Gas Cooling and Cleaning
The water saturated process gas leaving the quench cooler is routed to the cooling and scrubbing tower W14 via the rotary hood water seal B13 “gas cleaning“. Here further gas cooling takes place to about 35 °C as well as scrubbing out of medium sized dust particles. Process water is injected into this counter-current gas cooler on several levels while the process gas is drawn through the vessel from bottom to top, and then subsequently routed to the Disintegrator through a down pipe.

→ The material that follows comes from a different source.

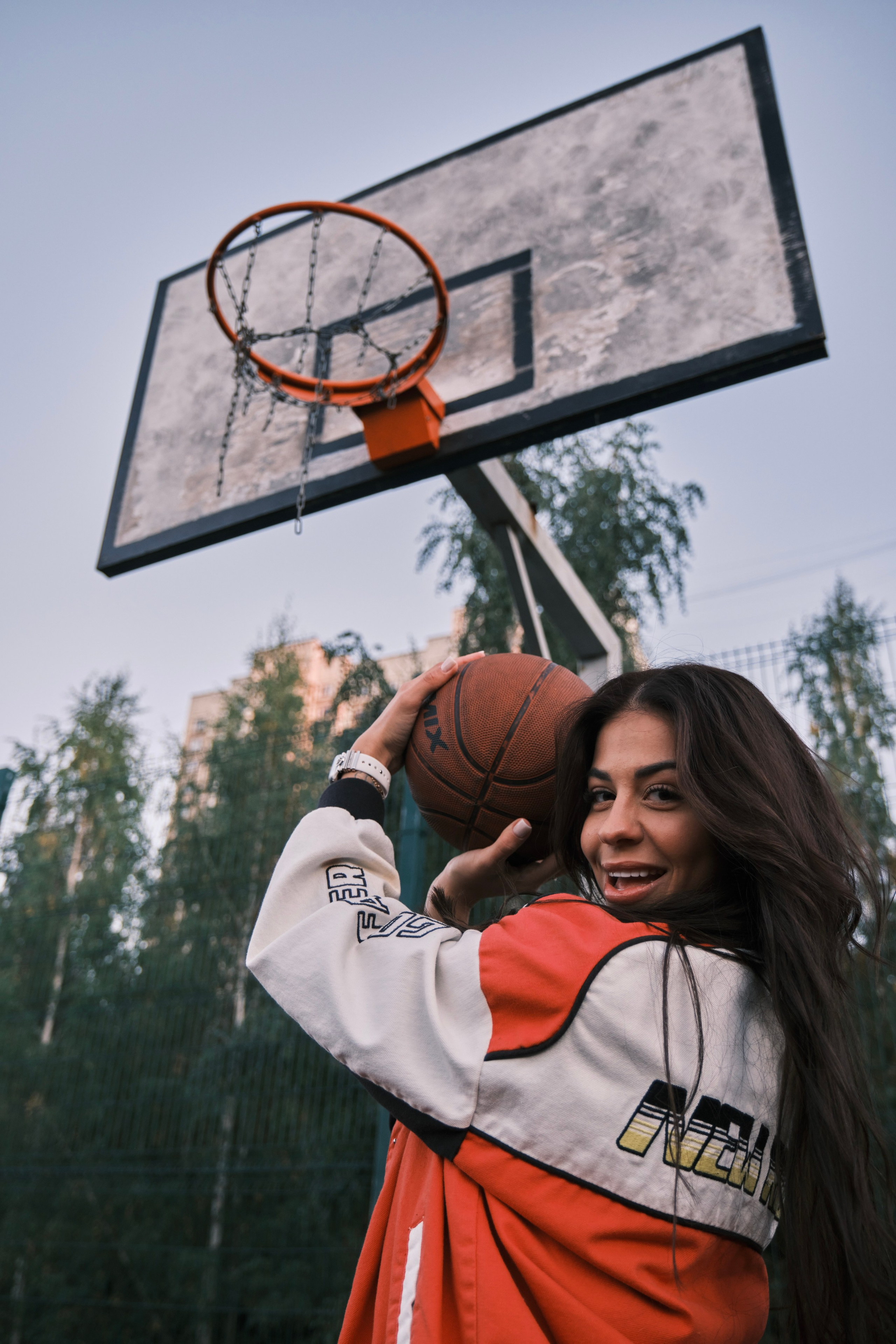 Фотосессия на баскетбольной площадке. IS — Игорь Сержант | Фотография и рисунок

Advantages of Spray Cooling
- utilisation of the entire vessel volume of the gas coolers as reaction chamber
- efficient heat transfer due to high surface area generated of the water droplets
- uniform gas cooling over the full vessel cross-section
- optimized capture and segregation of dust due to high droplet surface area
- low risk of fouling as the gas coolers are designed as cylindrical vessels including permanent flushing of the inside tank walls
Drain of Used Process Water
The gas cooler vessels are open-ended at the base and are immersed in water-filled foundation/sump combinations. A constant water level is maintained in the sump due to the overflow weirs, thus creating a gas tight seal between the inside gas phase and the external atmosphere.
To prevent captured solid particles from forming sediment in the sump below the gas coolers, agitators are installed in near proximity to provide the necessary turbulence in the water.